* Islamist movement's "General Guide" faces trial on Sunday
* Mubarak to appear at same court in separate case
* Mursi in detention since army deposed him on July 3
Three leaders of Egypt's Muslim Brotherhood and the movement's former arch-foe Hosni Mubarak faced separate trials on Sunday on similar charges of involvement in the killing of protesters.
With Egypt now under an army-installed government after last month's overthrow of Islamist President Mohamed Mursi, local media seized on the symbolism of scheduling both sessions on the same day. "Trial of two regimes," headlined al-Shorouk daily.
In the end, Mohamed Badie, the Brotherhood's "General Guide", and his deputies did not appear at the opening of their trial for security reasons, a judicial source said. Citing their absence, the judge adjourned the trial until Oct. 29.
The case against Badie, Khairat al-Shater and Rashad Bayoumy relates to unrest before the army removed Mursi on July 3. Mursi has been detained in an undisclosed location since then.

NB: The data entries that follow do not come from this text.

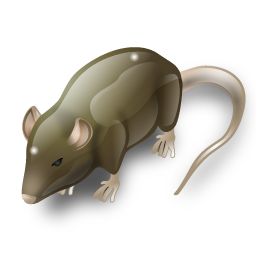 rat icon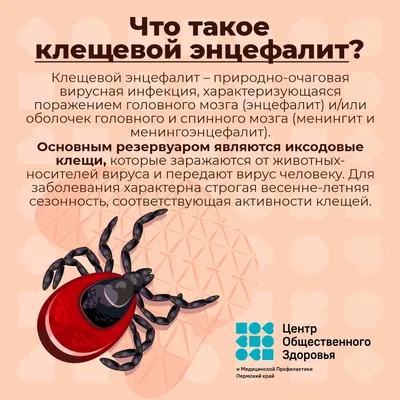 В Карагандинской области начался сезон активности клещей - Индустриальная  Караганда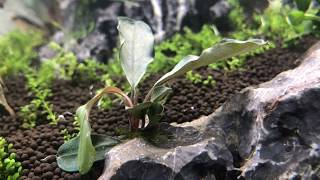 Planting a 20 Gallon Long Aquascape Walkthrough With Plant List [upl. by Wershba]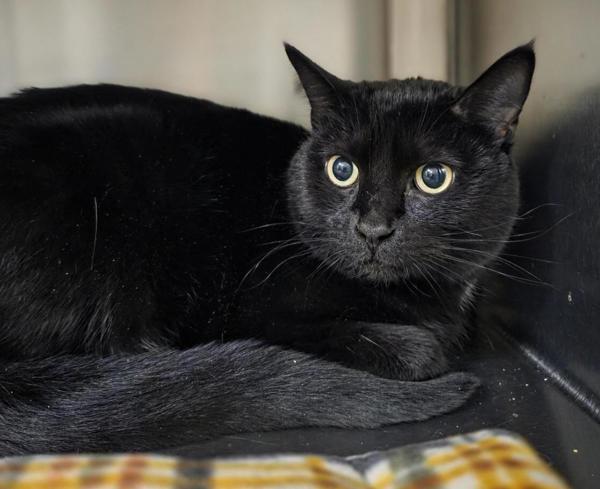 Enlarge Beth, a Adoptable mixed breed in Vancouver, WA image 2/2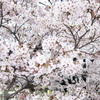 満開
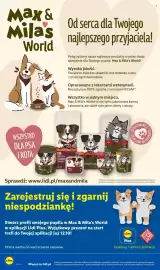 Lidl gazetka Strona 94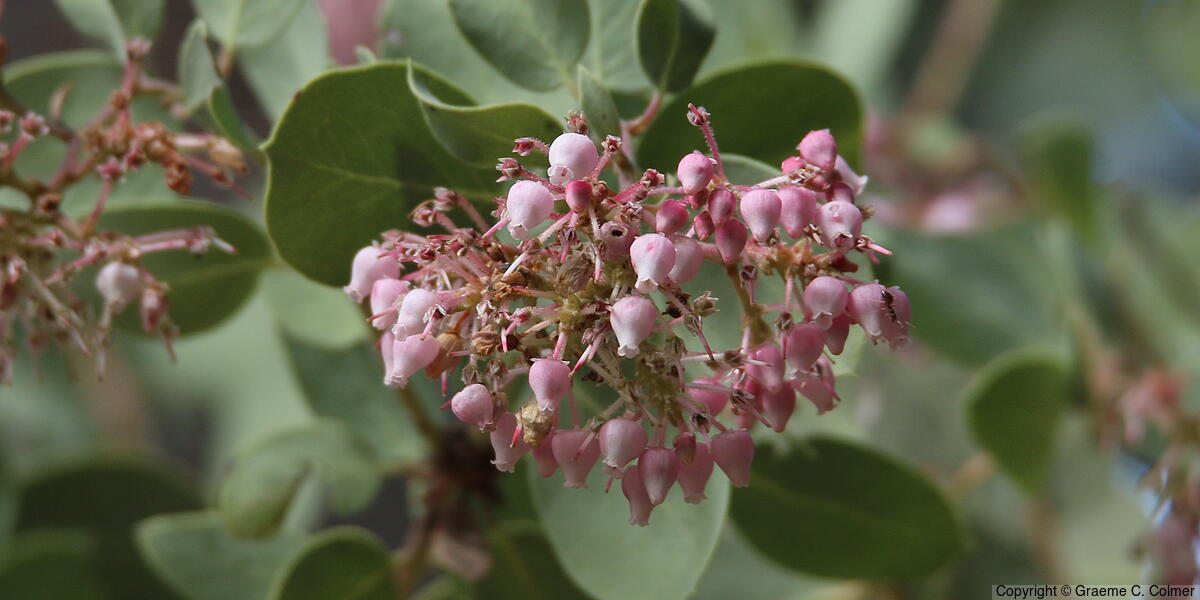 Whiteleaf Manzanita (Arctostaphylos viscida) - Whiteleaf Manzanita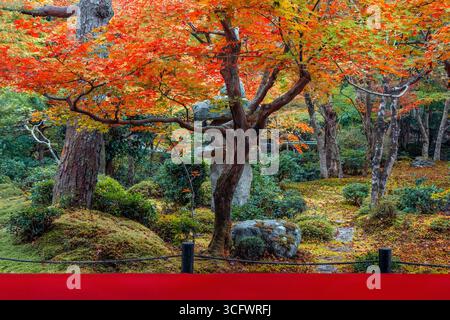Vista panoramica del tempio di Enko-ji con splendida vegetazione in autunno a Kyoto, Giappone Foto Stock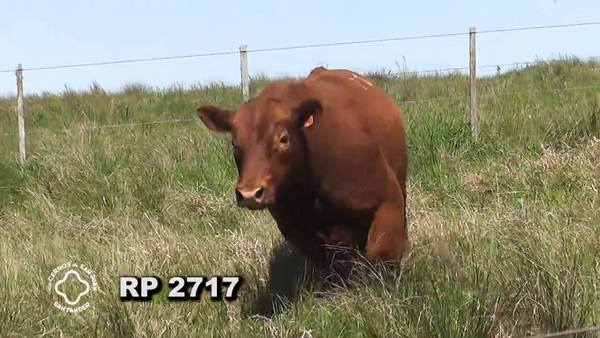 Lote RED ANGUS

Mubarak, who left prison on Thursday after judges ordered his release, appeared in a courtroom cage in a wheelchair, wearing sunglasses and dressed in white, along with his jailed sons Gamal and Alaa and former Interior Minister Habib al-Adly.

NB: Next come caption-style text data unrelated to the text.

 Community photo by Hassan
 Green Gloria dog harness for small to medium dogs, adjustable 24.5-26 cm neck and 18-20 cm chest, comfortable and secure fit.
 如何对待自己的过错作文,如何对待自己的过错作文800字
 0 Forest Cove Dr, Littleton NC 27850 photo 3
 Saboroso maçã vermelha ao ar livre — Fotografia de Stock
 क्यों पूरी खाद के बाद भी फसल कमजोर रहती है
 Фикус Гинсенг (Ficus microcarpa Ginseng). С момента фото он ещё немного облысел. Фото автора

The former president was sentenced to life in prison last year for complicity in the killing of protesters during the revolt against him, but an appeals court ordered a retrial.
The state news agency MENA said a helicopter had flown Mubarak to the court hearing in the Police Academy on the eastern outskirts of Cairo from a military hospital where he was placed under house arrest after his release from jail.
The government used a state of emergency it declared earlier this month to place Mubarak under house arrest, apparently to forestall any popular anger if he had simply walked free.
The trial of the Brotherhood's leaders signals that Egypt's new army-backed rulers intend to crush what they have portrayed as a violent, terrorist group bent on subverting the state.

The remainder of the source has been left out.